-- INPUT --
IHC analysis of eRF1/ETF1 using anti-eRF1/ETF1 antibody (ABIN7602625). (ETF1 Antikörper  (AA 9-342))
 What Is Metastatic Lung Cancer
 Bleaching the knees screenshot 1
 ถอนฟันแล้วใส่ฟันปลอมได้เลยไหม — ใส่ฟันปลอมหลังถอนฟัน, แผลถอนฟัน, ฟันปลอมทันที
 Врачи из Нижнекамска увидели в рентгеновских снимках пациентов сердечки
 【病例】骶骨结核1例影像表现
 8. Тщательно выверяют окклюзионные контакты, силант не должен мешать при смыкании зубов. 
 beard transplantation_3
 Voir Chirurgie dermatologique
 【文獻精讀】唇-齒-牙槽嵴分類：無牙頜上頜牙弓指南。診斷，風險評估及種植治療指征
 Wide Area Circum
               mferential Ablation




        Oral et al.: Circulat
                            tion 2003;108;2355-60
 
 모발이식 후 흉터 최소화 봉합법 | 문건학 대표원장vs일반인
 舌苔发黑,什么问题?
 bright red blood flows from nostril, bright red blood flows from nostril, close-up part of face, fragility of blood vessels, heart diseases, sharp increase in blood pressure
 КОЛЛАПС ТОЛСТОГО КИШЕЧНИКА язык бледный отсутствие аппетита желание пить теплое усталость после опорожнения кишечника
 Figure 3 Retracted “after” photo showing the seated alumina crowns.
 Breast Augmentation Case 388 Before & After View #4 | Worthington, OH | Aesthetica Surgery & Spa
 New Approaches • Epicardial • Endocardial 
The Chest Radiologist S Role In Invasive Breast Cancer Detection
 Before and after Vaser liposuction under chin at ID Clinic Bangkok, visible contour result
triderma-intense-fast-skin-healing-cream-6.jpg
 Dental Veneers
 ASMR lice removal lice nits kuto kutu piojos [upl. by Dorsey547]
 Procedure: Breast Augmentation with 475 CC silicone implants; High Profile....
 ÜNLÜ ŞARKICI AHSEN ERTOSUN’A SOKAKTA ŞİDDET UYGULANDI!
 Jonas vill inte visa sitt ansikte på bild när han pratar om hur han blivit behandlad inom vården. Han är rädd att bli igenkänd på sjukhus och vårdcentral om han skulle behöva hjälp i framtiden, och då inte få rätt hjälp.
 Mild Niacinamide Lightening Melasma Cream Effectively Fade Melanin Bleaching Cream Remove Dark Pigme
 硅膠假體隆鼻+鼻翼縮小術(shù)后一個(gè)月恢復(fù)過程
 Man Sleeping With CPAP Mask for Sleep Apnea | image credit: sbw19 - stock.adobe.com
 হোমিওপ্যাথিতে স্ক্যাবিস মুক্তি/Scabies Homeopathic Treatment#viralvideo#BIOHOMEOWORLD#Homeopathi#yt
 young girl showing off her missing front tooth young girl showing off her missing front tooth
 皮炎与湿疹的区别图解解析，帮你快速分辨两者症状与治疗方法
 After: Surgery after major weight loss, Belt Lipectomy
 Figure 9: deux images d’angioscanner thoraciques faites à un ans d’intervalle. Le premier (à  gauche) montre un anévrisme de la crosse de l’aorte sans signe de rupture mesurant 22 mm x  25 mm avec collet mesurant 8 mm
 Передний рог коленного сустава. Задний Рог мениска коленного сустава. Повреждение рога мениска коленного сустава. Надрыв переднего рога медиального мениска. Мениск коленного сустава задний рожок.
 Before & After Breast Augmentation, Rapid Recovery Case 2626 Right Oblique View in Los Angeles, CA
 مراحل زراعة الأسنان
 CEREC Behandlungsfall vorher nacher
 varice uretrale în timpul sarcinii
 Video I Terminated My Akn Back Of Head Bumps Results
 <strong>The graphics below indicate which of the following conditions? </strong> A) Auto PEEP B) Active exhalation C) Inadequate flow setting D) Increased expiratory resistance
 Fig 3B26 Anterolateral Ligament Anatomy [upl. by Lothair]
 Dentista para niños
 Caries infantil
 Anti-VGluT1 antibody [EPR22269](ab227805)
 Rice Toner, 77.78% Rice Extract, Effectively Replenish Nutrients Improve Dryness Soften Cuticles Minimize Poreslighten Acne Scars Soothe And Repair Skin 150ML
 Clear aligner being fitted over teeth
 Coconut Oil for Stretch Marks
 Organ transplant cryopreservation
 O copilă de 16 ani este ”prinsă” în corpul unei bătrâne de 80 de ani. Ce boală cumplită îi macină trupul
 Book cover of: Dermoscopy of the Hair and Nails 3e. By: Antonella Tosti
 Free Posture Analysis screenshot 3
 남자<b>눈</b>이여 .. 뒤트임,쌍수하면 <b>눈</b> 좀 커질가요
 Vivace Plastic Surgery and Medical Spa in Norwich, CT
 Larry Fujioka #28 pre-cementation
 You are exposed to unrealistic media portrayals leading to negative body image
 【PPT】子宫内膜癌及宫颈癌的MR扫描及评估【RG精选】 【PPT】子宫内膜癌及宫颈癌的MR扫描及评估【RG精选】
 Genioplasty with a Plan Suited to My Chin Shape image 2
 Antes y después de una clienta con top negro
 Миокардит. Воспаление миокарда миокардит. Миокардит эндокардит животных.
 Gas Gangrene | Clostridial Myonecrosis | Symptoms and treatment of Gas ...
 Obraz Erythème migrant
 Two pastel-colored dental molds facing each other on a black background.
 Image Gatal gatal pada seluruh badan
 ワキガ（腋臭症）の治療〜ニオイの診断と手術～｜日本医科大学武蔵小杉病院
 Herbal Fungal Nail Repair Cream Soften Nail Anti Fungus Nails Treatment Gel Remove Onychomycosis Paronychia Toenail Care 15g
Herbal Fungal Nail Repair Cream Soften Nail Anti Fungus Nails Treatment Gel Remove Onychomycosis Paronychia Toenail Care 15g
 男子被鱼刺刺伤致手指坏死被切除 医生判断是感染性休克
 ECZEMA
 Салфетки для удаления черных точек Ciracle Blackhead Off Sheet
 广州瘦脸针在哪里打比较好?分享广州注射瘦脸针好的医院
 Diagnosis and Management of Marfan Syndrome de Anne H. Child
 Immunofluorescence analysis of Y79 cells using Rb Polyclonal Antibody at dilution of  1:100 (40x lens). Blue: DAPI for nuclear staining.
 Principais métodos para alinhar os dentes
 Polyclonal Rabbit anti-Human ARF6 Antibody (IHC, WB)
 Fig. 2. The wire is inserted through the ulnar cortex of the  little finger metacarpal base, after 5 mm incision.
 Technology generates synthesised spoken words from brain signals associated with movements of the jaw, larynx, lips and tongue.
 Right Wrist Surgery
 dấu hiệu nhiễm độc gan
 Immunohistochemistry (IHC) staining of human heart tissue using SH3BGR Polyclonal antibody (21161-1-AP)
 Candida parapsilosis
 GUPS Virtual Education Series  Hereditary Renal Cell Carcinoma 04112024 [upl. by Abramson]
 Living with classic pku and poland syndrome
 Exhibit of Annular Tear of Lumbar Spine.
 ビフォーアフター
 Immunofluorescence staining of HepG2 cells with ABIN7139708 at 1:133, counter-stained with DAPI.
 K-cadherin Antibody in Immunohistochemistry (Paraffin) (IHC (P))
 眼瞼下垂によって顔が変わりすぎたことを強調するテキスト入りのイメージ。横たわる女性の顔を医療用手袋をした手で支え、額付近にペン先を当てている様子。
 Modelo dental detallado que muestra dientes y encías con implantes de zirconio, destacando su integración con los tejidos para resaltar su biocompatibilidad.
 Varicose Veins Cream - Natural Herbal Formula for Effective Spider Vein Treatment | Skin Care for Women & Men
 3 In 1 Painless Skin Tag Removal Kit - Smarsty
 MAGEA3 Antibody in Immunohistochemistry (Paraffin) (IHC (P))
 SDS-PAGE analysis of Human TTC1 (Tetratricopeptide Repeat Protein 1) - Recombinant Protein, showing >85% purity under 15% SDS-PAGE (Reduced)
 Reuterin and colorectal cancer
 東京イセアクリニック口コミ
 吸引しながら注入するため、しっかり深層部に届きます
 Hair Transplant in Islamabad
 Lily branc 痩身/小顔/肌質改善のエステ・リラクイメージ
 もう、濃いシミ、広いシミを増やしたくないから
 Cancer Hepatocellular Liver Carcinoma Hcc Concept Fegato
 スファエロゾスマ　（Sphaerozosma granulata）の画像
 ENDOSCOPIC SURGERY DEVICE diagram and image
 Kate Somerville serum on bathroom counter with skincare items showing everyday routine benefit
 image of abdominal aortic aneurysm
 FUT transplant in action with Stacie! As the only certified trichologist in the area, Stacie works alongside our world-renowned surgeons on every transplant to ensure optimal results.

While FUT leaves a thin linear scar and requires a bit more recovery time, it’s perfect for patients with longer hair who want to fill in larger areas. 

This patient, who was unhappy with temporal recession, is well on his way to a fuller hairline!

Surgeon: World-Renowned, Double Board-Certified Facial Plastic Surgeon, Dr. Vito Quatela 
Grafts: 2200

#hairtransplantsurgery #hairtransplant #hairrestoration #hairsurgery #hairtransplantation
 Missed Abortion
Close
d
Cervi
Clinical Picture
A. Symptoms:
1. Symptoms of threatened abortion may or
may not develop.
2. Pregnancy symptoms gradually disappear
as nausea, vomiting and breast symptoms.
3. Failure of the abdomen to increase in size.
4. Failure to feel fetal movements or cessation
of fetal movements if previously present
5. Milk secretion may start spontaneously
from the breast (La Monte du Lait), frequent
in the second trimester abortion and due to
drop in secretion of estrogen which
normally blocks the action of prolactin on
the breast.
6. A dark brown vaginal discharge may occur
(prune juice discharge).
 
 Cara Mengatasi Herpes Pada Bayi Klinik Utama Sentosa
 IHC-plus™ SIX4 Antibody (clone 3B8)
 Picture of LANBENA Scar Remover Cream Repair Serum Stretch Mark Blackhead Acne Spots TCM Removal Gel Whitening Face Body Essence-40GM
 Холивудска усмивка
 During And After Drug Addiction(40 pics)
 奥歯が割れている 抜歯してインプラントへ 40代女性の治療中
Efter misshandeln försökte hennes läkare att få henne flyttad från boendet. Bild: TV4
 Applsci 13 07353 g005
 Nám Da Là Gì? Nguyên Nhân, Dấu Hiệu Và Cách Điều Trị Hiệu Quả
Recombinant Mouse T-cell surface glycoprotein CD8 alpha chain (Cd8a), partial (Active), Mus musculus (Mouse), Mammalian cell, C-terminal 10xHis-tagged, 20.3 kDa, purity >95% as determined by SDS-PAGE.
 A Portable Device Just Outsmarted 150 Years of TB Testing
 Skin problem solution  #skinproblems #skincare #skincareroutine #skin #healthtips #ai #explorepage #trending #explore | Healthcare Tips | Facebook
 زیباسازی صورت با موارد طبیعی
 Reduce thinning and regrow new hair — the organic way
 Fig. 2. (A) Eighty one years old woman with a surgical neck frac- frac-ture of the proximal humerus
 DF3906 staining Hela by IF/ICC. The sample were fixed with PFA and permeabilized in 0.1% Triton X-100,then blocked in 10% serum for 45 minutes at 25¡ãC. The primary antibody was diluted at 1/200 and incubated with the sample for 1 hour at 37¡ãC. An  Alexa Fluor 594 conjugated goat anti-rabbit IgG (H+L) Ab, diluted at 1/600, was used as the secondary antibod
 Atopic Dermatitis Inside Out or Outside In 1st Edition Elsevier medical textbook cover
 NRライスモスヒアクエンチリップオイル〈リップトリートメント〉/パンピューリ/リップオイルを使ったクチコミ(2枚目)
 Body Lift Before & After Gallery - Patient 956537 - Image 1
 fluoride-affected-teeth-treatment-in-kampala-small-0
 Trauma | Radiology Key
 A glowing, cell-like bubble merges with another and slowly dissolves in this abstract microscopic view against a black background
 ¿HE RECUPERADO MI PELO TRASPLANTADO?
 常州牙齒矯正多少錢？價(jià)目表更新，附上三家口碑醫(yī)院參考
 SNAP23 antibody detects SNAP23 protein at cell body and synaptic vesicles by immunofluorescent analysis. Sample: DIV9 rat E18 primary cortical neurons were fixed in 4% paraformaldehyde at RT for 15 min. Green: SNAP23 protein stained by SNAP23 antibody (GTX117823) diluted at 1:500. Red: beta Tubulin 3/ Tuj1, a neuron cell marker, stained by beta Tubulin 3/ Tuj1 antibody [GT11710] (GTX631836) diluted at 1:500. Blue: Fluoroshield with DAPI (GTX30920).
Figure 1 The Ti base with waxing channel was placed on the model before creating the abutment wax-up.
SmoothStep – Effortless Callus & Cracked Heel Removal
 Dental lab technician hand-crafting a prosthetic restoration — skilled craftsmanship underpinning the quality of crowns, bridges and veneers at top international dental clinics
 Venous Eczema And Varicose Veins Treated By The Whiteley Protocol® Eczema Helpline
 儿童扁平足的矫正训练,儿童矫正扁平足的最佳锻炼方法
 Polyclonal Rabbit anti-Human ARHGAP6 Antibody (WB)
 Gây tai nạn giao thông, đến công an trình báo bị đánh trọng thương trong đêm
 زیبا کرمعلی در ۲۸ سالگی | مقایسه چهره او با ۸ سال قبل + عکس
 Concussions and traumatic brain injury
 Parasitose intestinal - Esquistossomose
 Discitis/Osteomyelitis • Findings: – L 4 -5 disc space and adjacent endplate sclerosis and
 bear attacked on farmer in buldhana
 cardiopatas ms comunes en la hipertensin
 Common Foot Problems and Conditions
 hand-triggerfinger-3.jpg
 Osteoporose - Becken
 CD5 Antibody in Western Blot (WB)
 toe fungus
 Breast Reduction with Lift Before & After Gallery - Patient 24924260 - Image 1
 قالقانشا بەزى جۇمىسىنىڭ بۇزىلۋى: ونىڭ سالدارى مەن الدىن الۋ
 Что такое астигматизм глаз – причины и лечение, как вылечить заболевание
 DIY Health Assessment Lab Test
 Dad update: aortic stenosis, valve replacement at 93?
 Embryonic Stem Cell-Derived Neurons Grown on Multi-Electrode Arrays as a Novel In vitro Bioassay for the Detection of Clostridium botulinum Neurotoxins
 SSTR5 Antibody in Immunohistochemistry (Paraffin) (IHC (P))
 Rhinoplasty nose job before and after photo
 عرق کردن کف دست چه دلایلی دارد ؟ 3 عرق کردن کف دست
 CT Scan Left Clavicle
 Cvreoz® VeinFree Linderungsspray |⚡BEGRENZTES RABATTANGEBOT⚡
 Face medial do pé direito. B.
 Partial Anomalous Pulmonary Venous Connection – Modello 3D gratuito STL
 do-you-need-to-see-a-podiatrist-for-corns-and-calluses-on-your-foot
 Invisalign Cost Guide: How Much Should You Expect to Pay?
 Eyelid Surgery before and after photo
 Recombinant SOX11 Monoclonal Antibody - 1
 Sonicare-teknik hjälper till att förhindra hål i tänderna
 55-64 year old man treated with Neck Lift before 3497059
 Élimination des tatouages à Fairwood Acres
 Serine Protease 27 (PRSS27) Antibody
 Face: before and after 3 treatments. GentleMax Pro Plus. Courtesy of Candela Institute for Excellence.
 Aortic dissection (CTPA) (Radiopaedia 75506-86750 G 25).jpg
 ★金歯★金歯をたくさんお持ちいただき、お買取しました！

-- WHAT IS NEEDED --
The last part of the records is the answer, beginning at the line that holds "عرق کردن کف دست چه" and including the final line, repeated exactly.

-- ANSWER SPACE --
 عرق کردن کف دست چه دلایلی دارد ؟ 3 عرق کردن کف دست
 CT Scan Left Clavicle
 Cvreoz® VeinFree Linderungsspray |⚡BEGRENZTES RABATTANGEBOT⚡
 Face medial do pé direito. B.
 Partial Anomalous Pulmonary Venous Connection – Modello 3D gratuito STL
 do-you-need-to-see-a-podiatrist-for-corns-and-calluses-on-your-foot
 Invisalign Cost Guide: How Much Should You Expect to Pay?
 Eyelid Surgery before and after photo
 Recombinant SOX11 Monoclonal Antibody - 1
 Sonicare-teknik hjälper till att förhindra hål i tänderna
 55-64 year old man treated with Neck Lift before 3497059
 Élimination des tatouages à Fairwood Acres
 Serine Protease 27 (PRSS27) Antibody
 Face: before and after 3 treatments. GentleMax Pro Plus. Courtesy of Candela Institute for Excellence.
 Aortic dissection (CTPA) (Radiopaedia 75506-86750 G 25).jpg
 ★金歯★金歯をたくさんお持ちいただき、お買取しました！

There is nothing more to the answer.